ATHENS (Reuters) - Greece's economy grew 0.7 percent in the third quarter compared to the previous three-month period, with the rate unchanged from a flash estimate earlier in the month, the country's statistics service ELSTAT said on Friday.
The provisional estimate on gross domestic product, based on seasonally adjusted data, showed that a 0.6 percent rise in consumer spending and a 1.6 percent increase in investment quarter-on-quarter helped Greece's 182 billion euro economy expand in the July-to-September period.
Exports of services, mainly tourism, grew 4.7 percent.

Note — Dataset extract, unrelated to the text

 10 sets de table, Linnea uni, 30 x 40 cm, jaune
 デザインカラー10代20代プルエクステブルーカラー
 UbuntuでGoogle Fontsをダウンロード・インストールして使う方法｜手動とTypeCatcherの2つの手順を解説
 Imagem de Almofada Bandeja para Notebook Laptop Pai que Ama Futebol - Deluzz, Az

ELSTAT released seasonally-adjusted quarter-on-quarter GDP data for the first time since 2011 earlier this month, showing that the battered economy emerged from a protracted, austerity-led recession in the first quarter of this year and continued to grow ever since.

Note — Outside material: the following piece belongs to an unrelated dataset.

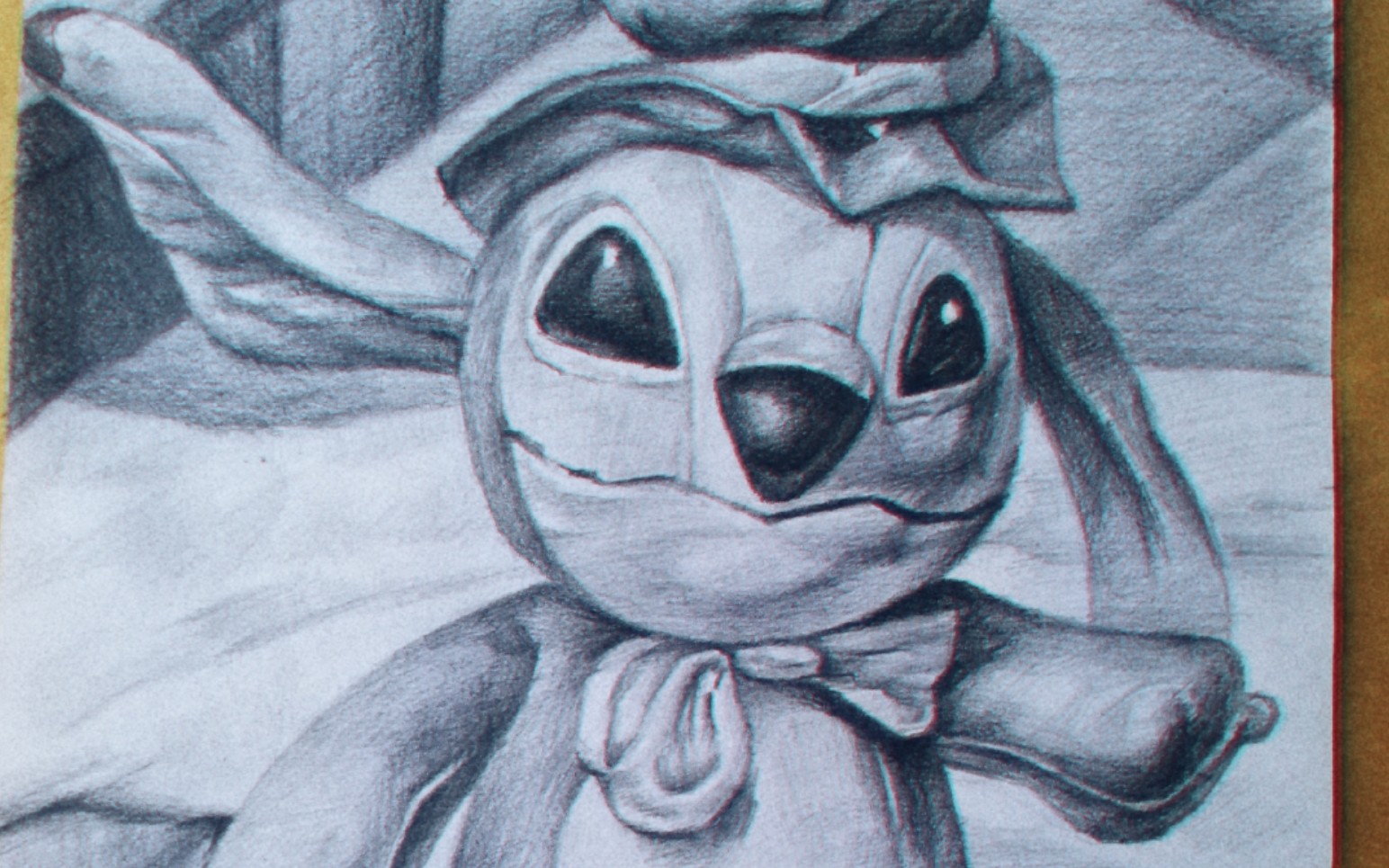 【素描版的史迪仔】三步速成素描|手绘|超级呆萌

The statistics service also released seasonally unadjusted GDP data on an annual basis that showed the economy expanded by 1.9 percent in the third quarter, at a faster pace than a previous 1.7 percent estimate.
Athens and its EU/IMF international lenders project the economy will expand 0.6 percent this year.
Greece's economic boom of the early 2000s ended with the country sinking into a recession after a global credit crunch. A subsequent debt crisis and austerity imposed by EU/IMF lenders who bailed out the country deepened the recession, wiping out a quarter of the economy over six years.